The western cherry fruit fly has not been found in California’s cherry-growing districts.
State officials in Oregon and Washington say California’s quarantine requirements for the Western cherry fruit fly are unjustified.
Helmuth Rogg, supervisor of the Oregon State Department of Agriculture’s Insect Pest Prevention and Management Program, said California has imposed quarantine regulations for the western cherry fruit fly on incoming cherries for the past 50 years or so, even though the insect is native to California.

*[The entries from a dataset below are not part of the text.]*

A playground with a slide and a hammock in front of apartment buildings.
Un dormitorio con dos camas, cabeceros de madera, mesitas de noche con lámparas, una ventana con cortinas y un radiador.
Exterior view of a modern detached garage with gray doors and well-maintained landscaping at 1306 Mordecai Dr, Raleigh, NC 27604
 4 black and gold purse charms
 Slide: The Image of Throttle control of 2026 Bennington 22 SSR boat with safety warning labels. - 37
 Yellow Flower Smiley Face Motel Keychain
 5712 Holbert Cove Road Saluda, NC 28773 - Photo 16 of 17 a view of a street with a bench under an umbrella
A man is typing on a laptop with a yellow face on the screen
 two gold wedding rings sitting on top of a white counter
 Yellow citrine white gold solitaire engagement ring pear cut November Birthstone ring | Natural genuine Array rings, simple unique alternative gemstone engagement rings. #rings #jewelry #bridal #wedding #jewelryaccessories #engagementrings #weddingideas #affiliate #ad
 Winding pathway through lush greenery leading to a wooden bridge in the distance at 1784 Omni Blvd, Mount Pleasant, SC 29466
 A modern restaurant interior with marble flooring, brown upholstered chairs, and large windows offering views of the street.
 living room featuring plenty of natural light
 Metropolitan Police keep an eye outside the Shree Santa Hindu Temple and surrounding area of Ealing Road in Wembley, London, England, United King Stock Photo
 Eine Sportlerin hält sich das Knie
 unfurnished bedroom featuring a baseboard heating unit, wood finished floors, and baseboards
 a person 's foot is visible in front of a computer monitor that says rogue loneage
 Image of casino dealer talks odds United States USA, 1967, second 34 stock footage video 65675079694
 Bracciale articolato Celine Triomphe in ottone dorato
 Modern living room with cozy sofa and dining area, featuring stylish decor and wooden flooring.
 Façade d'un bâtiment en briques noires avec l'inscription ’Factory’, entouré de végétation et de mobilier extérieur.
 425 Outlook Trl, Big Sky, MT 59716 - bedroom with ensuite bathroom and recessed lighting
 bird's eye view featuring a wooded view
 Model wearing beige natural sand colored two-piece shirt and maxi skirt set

“This is fairly unique to my knowledge that one state
Jim Quigley, manager of the Washington State Department of Agriculture’s commodity inspection program, said that Washington conducts its own quarantine inspections for cherry fruit fly by doing a lot sample when the fruit arrives at the warehouse. However, cherries destined for California or travelling through California must be sampled again after they are packed. Two cherries must be sampled out of every box shipped there. The cherries are crushed and placed either in a sugar solution or hot water, which prompts any larva to wriggle out.
Burden
If cherries are exported through San Francisco or Los Angeles, for example, they must be trucked on a route that avoids the cherry growing areas, even though they are in sealed cartons in the truck and cannot be opened until their destination.
Quigley said California’s requirements in terms of inspections and special permits to ship to or through California are a burden on Northwest states.
Rogg said such requirements make no sense because the cherry fruit fly is established in the California counties of Del Norte, El Dorado, Lassen, Mendocino, Nevada, Plumas, Shasta, Sierra, Siskiyou, Trinity, and Tuolumne, and has been recorded in Humboldt, Placer, and Sonoma counties. It tends to be found at high altitudes.
According to the National Plant Board, a nonprofit organization that makes recommendations on state regulations concerning plant pests, if an insect is present in a state, that state can’t quarantine other states. To do so amounts to protectionism, Rogg said.
High altitudes
California has argued that the western cherry fruit fly has only been found at high altitudes and not in the commercial cherry-producing areas, but Rogg believes there is still no scientific justification for California’s quarantine measures, unless California argues that the western cherry fruit fly in California is a different biotype from the cherry fruit fly in Oregon, Washington, and Idaho. If that were the case, then Oregon, Washington, and Idaho could turn around and quarantine California’s cherries to keep the California biotype out of those states, he said.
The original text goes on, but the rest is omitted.